• _Exercise details_
Below are the records; give again exactly the line with "Hello and welcome back.", the line with "Welcome to Habit", and each line that lies between them, and nothing besides.

START The data

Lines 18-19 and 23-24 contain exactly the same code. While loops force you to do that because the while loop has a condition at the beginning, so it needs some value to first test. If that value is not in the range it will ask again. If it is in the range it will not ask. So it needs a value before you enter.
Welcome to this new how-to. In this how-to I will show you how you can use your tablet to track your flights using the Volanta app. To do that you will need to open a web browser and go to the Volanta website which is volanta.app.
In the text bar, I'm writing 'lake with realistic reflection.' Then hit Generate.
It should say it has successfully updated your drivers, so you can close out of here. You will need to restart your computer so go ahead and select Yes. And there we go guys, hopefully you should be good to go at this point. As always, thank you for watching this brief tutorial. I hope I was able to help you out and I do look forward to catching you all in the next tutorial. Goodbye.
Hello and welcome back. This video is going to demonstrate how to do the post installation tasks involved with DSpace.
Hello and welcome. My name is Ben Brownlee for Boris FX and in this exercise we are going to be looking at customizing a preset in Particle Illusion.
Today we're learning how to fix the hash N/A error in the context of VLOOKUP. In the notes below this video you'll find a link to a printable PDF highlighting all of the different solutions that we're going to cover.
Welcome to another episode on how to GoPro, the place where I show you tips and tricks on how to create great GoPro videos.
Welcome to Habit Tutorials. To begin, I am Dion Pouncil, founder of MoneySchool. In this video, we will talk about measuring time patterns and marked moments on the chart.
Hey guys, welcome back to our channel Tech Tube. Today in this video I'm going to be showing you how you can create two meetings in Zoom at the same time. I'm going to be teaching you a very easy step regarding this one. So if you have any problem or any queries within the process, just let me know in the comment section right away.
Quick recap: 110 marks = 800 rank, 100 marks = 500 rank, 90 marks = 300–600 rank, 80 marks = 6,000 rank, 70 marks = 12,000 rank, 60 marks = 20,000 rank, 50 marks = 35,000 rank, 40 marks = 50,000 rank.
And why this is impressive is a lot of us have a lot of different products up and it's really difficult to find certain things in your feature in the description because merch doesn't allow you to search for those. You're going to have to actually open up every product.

END The data

• _Result for this exercise_
Hello and welcome back. This video is going to demonstrate how to do the post installation tasks involved with DSpace.
Hello and welcome. My name is Ben Brownlee for Boris FX and in this exercise we are going to be looking at customizing a preset in Particle Illusion.
Today we're learning how to fix the hash N/A error in the context of VLOOKUP. In the notes below this video you'll find a link to a printable PDF highlighting all of the different solutions that we're going to cover.
Welcome to another episode on how to GoPro, the place where I show you tips and tricks on how to create great GoPro videos.
Welcome to Habit Tutorials. To begin, I am Dion Pouncil, founder of MoneySchool. In this video, we will talk about measuring time patterns and marked moments on the chart.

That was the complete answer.